* **SOURCE DATA**

━━━━━━━━━━━━━━━━━━━━

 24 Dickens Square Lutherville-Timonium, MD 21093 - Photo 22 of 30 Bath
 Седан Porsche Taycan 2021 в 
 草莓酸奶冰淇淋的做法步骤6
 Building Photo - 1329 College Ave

━━━━━━━━━━━━━━━━━━━━

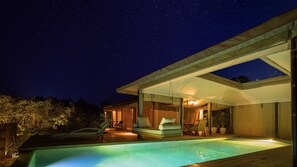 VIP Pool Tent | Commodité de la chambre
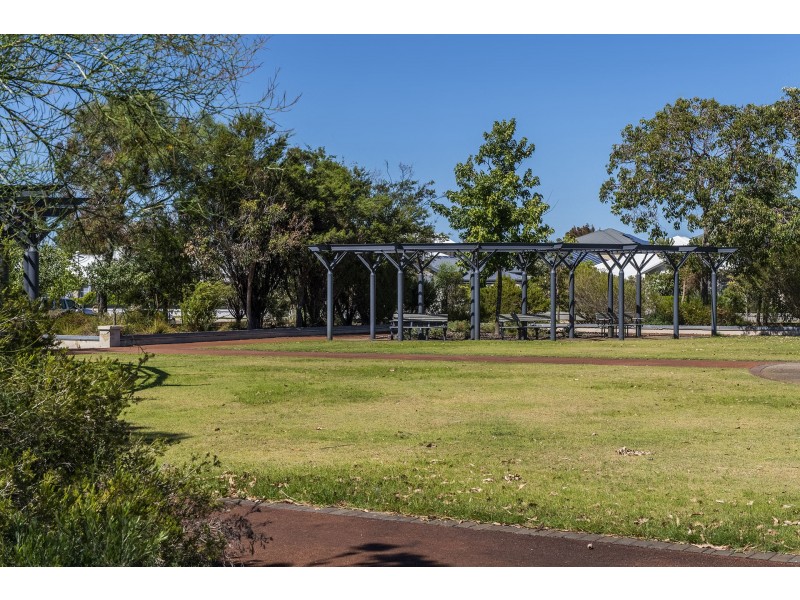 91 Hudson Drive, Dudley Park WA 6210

━━━━━━━━━━━━━━━━━━━━

Give the number of lines in the data that contain the string "Photo" and nothing more.

2